The modified Dutch Auction will allow CIBL stockholders to
tender their shares at a price within the specified range and to do
so without incurring any brokerage fees or commissions. Based
on the number of shares tendered and the prices specified by the
tendering stockholders, CIBL will select a single price per share
within the specified range (the "Purchase Price") that will enable
it to purchase 2,200 shares pursuant to the Offer, or such lesser
aggregate amount of its shares that are properly tendered.
All shares accepted in the Offer will be purchased at the same
price per share even if a stockholder tendered at a lower
price. CIBL reserves the right in the Offer to purchase up to
an additional 2% of its shares outstanding without extending the
Offer. CIBL had 21,618 shares outstanding as of the close of
business on December 5, 2013.
CIBL intends to fund the Offer with cash on hand. If more
than the maximum number of shares sought is tendered, the shares
tendered will be purchased on a pro rata basis (subject to any
conditional tenders). Stockholders whose shares are purchased
through the Offer will be paid the Purchase Price in cash, without
interest, promptly after the expiration of the Offer. Shares
tendered at prices above the Purchase Price and shares not
purchased due to proration will be returned to tendering
stockholders.
CIBL's Board of Directors and executive management have not
indicated any intention to participate in the Offer.
The Company initiated a share buy-back program in February
2009. Under this program, CIBL has repurchased approximately
1,075 shares of its common stock at an average price of
$867 per share, including 28 shares
of common stock in the past 60 days at an average price of
$1,304 per share. In 2012, the
Company conducted a modified "Dutch Auction" tender offer to
purchase for cash up to 7,000 shares of its outstanding common
stock, at a price per share of not less than $820.00 nor greater than $860.00. Through the 2012 tender offer, the
Company purchased 2,460 shares of common stock at a final purchase
price of $860 per share, for a total
cost of approximately $2.1
million. Through this Offer, CIBL is continuing its
historical commitment to repurchasing its shares with a view to
enhancing stockholder value.
As previously announced on September 16,
2013, definitive agreements have been reached for the sale
to Nexstar Broadcasting, Inc. of CIBL's interests in television
stations WOI-TV and WHBF-TV. These two broadcast properties
are licensed and operated by Capital Communications Company, Inc.
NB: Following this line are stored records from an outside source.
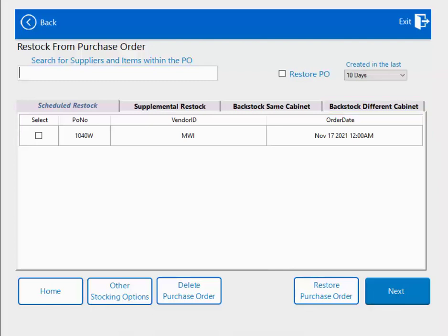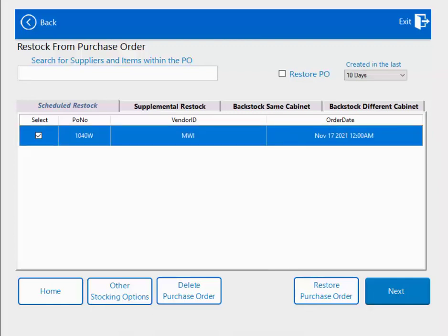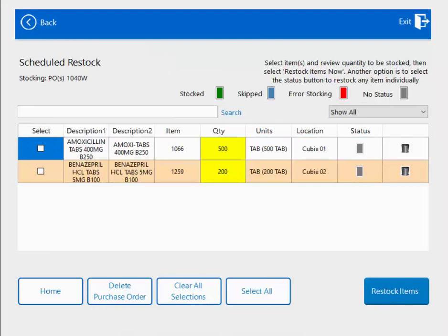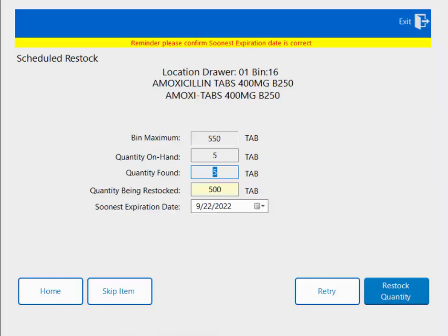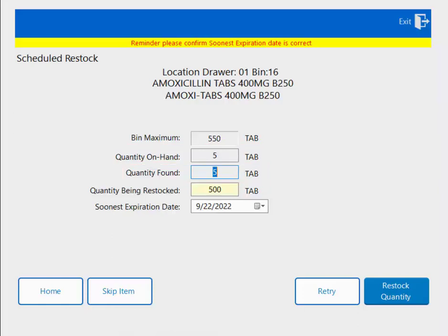Let's get started with a scheduled restock. I have a supplier purchase order that generated and now needs to be restocked. I will select the purchase order, click next, and I'll be brought to the purchase order screen, which will show me what items need to be restocked. I'm going to select both items and hit restock. Qubex will take me through each item one by one. It shows me the max for this bin and my current quantity on hand. I have the opportunity to do a cycle count and change the on-hand quantity if it differs from what Qubex shows.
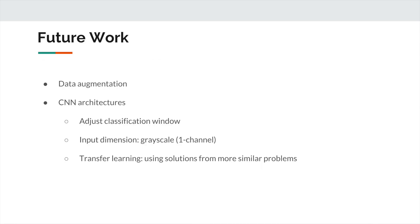Several steps can be taken to improve our classification results. In addition to data augmentation, which is the simplest method of introducing variation, there are various modifications to be made to the convolutional neural network's architecture to optimize the learning model. In particular, the current network accepts resized patches duplicated across each of the RGB channels to utilize DenseNet's pre-trained model. The input dimension could be adjusted to accommodate a single grayscale channel, which matches the patch size. Finally, more appropriate pre-trained models could be utilized to take advantage of solutions to similar problems, a method referred to as transfer learning.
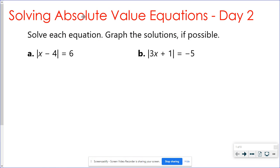Hello awesome algebra students. Today we're going to continue on solving equations that have absolute value in them. Here are just some review problems very similar to what you did yesterday. Remember when we have absolute value it's talking about the distance away from zero. So this x minus four is saying that it's six units away from zero, or from the center of your problem.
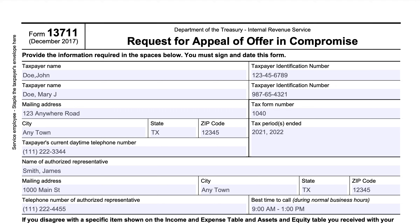In this video, we'll be going over IRS Form 13711, Request for Appeal of Offer in Compromise. You'll most likely receive a copy of this form if you've submitted an offer in compromise on IRS Form 656-B and the IRS has sent you a rejection letter, so you can request an appeal. We're going to walk through how you complete that appeal request in this video.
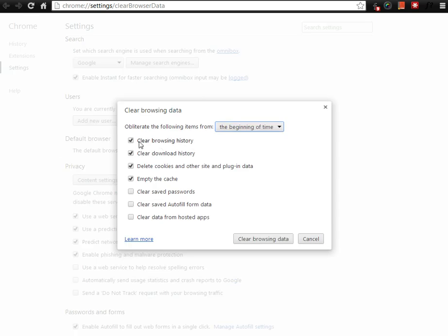You have the option to clear browsing history, clear download history, delete cookies, and empty cache in these settings.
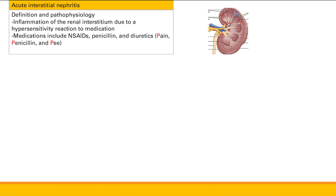Next is acute interstitial nephritis, another cause of intrinsic renal injury. This is due to inflammation of the renal interstitium, caused by a hypersensitivity reaction to medications. The medications that can cause this are NSAIDs, penicillin, and diuretics — an easy mnemonic is 'Pain, Penicillin, P for diuretics.' This inflammation is not in the tubules but in the interstitium — all the tissue between the tubules.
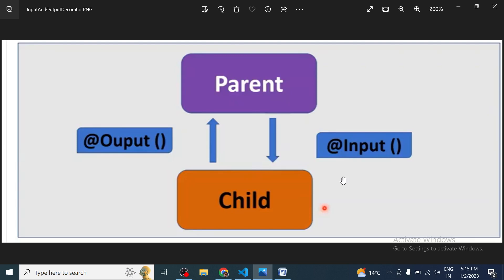In this video we will discuss Input and Output decorators in Angular. We will see how we can pass data from parent component to child component, and how we can pass data from child component to parent component — how we can establish communication between two components with the help of Input and Output decorators.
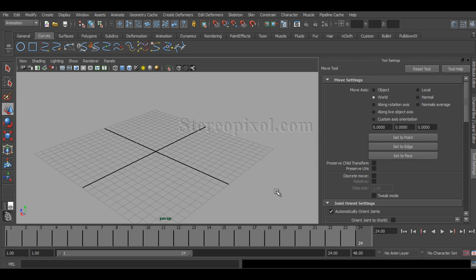Hello. Welcome to Studio Pixel. In this tutorial we are going to learn how to use Animated Sweep in Autodesk Maya.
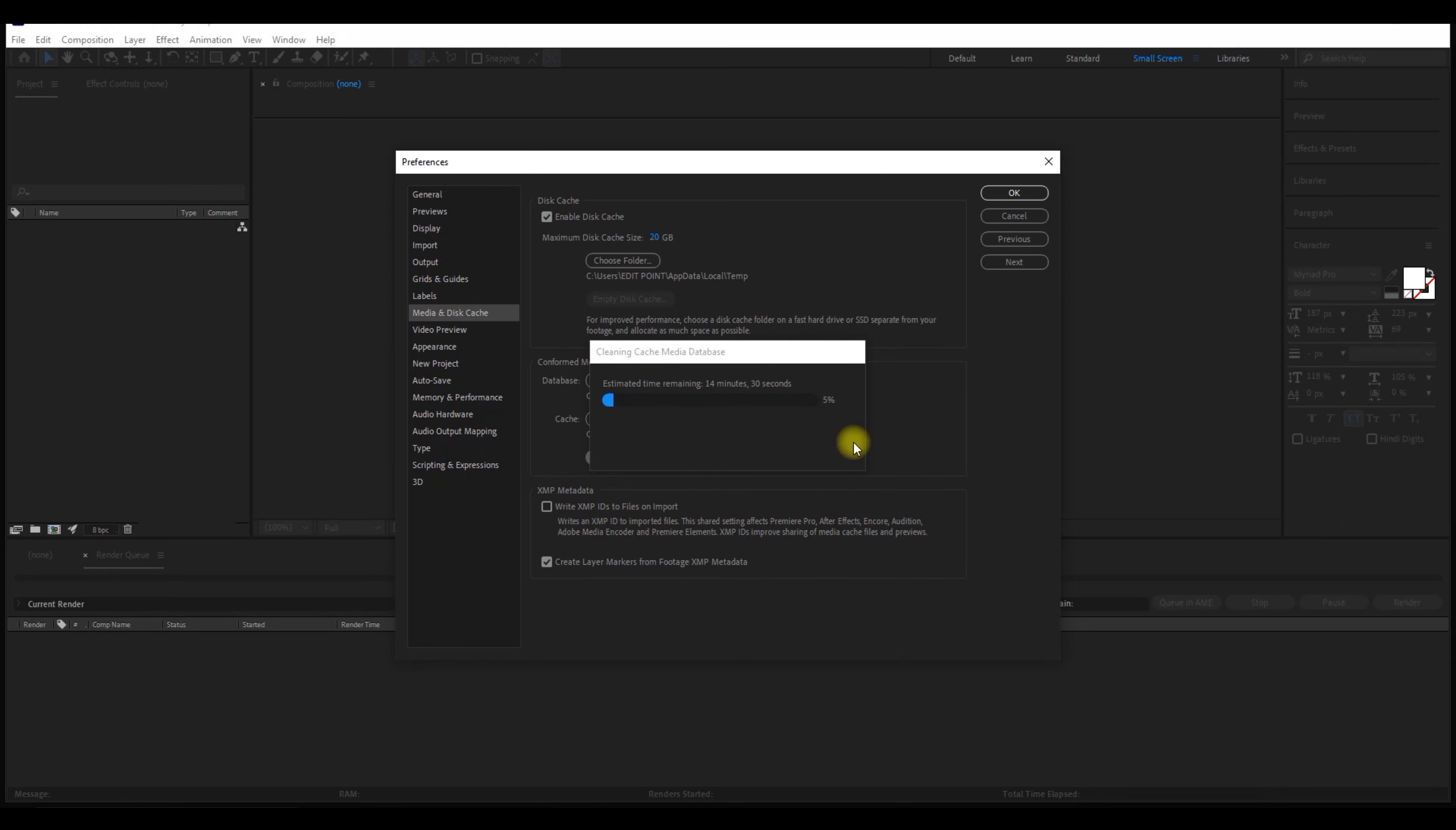As you can see, this starts cleaning a disk and displays the estimated time. Once this is completed, restart After Effects once again.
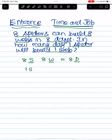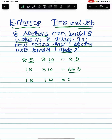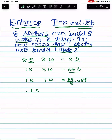Step by step: one spider can build eight webs, so eight spiders in eight days means one spider takes 64 days. One spider, one web: 64 divided by eight equals eight days. So one spider builds one web in eight days. Thank you.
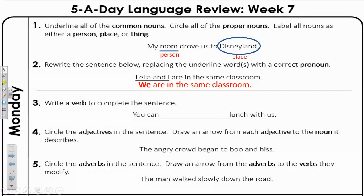Number three: write a verb to complete the sentence. You can blank lunch with us. I chose the word eat — You can eat lunch with us. You could also put have — You can have lunch with us.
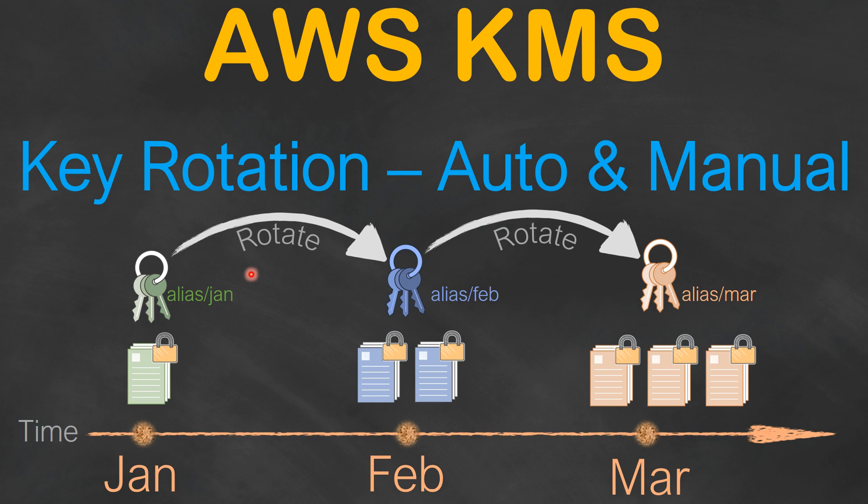Let's go ahead and see how you can do that through the GUI, which is an automatic mechanism, and then if you want to do it manually, how do you do that. Remember, when you do the auto mode in AWS, the frequency that you get is one year. So you can change your key every single year, 365 days. If you have a more aggressive requirement saying I want to do it every month or every quarter, then you have to do it manually.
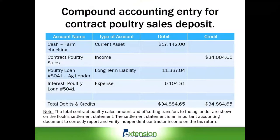Now let's take a look at the compound accounting entry for this contract poultry sales deposit. This is a complicated entry, so be aware that it does require some calculations. Line one — cash farm checking — is a current asset and increases by the bank deposit amount of $17,442, which is a debit. Line two is contract poultry sales, which is an income account, and that is credited for $34,084.65.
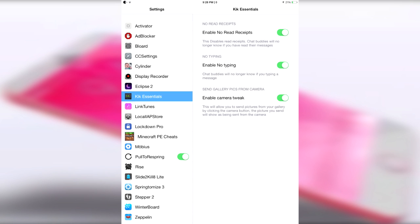Next off, there's the no typing indicator. So say you want to type something really long, but you don't want to leave the person hanging, or people get mad at me for taking a long time to type something, or something is taking a long time to send, and then I just look like an idiot.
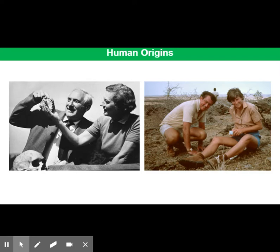However, two years after the Zinjantropus discovery, the Leakeys' own son, Jonathan, discovered a new, slightly older fossil, 1.8 million years old. This new fossil led the Leakeys to conclude that this was the real toolmaker, and they named it Homo habilis, or handyman.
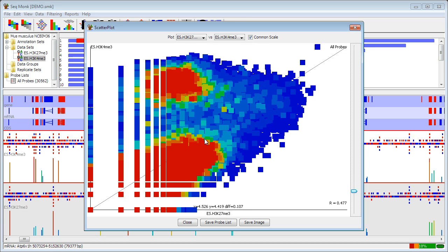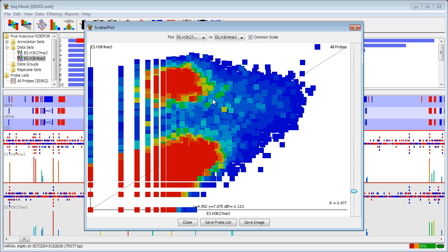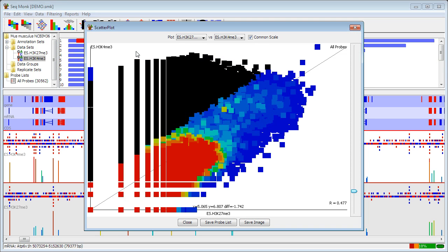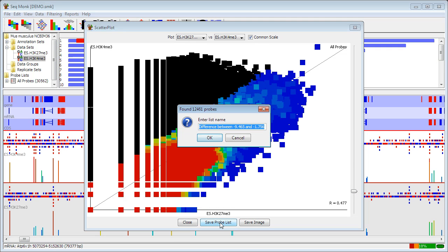So if I want to select those I can just drag in this view and save a probe list from there.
and Coronet Communications Company, respectively, and serve the
Des Moines/Ames, Iowa and Iowa/Illinois Quad Cities markets. As a
result of these transactions, CIBL currently estimates that its
total proceeds before certain adjustments and the payment of debt,
expenses and taxes, are likely to exceed $24
million. These transactions are subject to regulatory
review and approval by the Federal Communications Commission.
Closing of the sale transactions is anticipated in the first
quarter of 2014.
The Offer described in this press release has not yet
commenced. At the time the Offer is commenced, the terms and
conditions of the Offer will be set forth in an Offer to Purchase,
a Letter of Transmittal and related documentation (the "Offering
Documents"), which CIBL expects to distribute to the Company's
stockholders on or about December 9,
2013. CIBL has retained Computershare Trust Company, N.A.
("Computershare") to serve as the Depositary for the Offer, and has
retained Morrow & Co., LLC ("Morrow") to serve as the
Information Agent for the Offer. Additional copies of the
Offering Documents may be obtained from Morrow at (800) 573-4412 or
cibl.info@morrowco.com when they become available. Please
contact Morrow with any questions regarding the Offer.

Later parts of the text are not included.